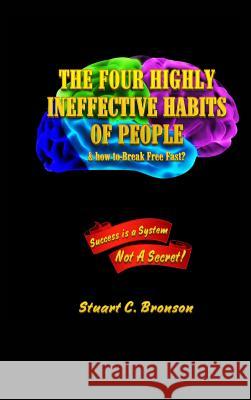 The Four Highly Ineffective Habits of People: & How To Break Free Fast? Stuart, Bronson Charles 9780992584412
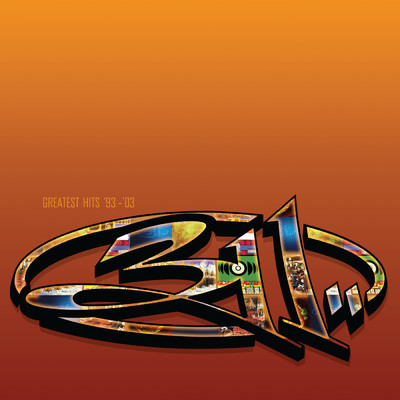 Greatest Hits '93 - '03 (Explicit)/311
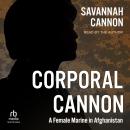 Corporal Cannon: A Female Marine in Afghanistan Audiobook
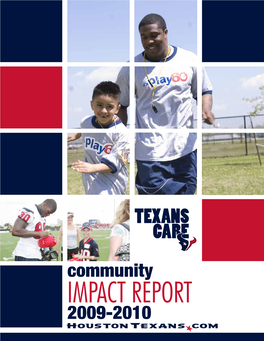 IMPACT REPORT 2009-2010 Houston Texans Players Reliant Energy/Texans Day of Caring 1 Table of CONTENTS Chairman’S Message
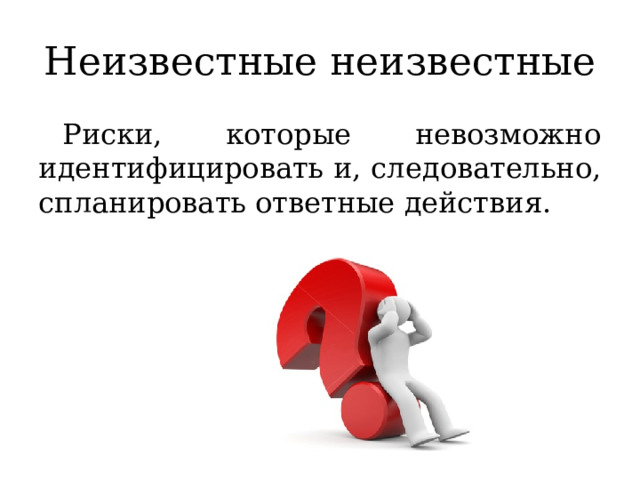 Неизвестные неизвестные Риски, которые невозможно идентифицировать и, следовательно, спланировать ответные действия. 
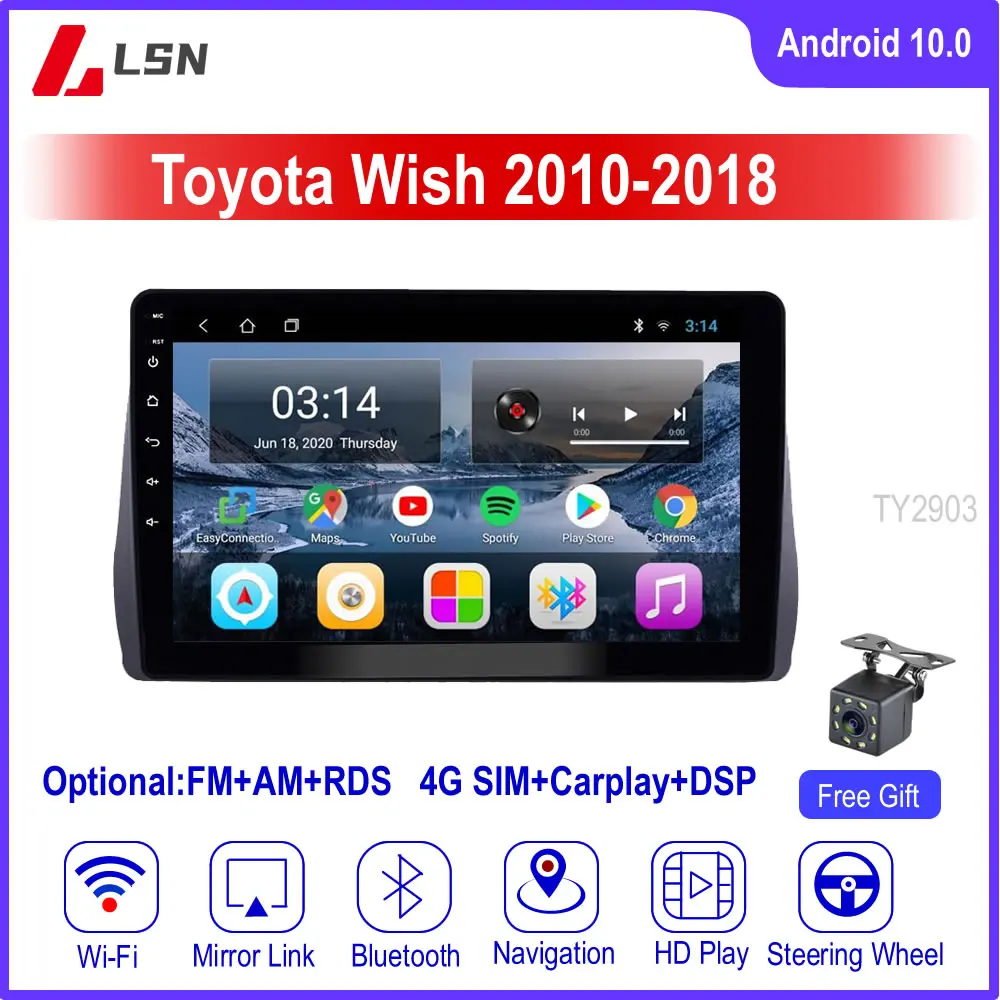 10-дюймовый Android 10 для TOYOTA WISH 2010 2011 2012 2014 2015 2016 2018 мультимедийный видео GPS-навигатор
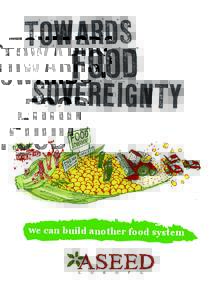 we can build another food system  Six principles of food sovereignty: 1. Focuses on Food for People: Food sovereignty stresses the right to sufficient, healthy and culturally appropriate food for all individuals, peopl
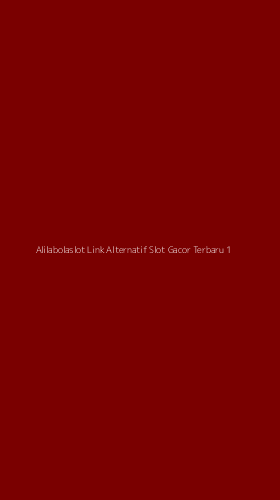 Tampilan Antarmuka Aplikasi Alilabolaslot Link Alternatif Slot Gacor Terbaru - 1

About this task: For this exercise, return exactly the lines above from the line with "IMPACT REPORT 2009-2010" through the line with "10-дюймовый Android 10", both included. Do not copy the pictures.

Your solution:
 IMPACT REPORT 2009-2010 Houston Texans Players Reliant Energy/Texans Day of Caring 1 Table of CONTENTS Chairman’S Message
 Неизвестные неизвестные Риски, которые невозможно идентифицировать и, следовательно, спланировать ответные действия. 
 10-дюймовый Android 10 для TOYOTA WISH 2010 2011 2012 2014 2015 2016 2018 мультимедийный видео GPS-навигатор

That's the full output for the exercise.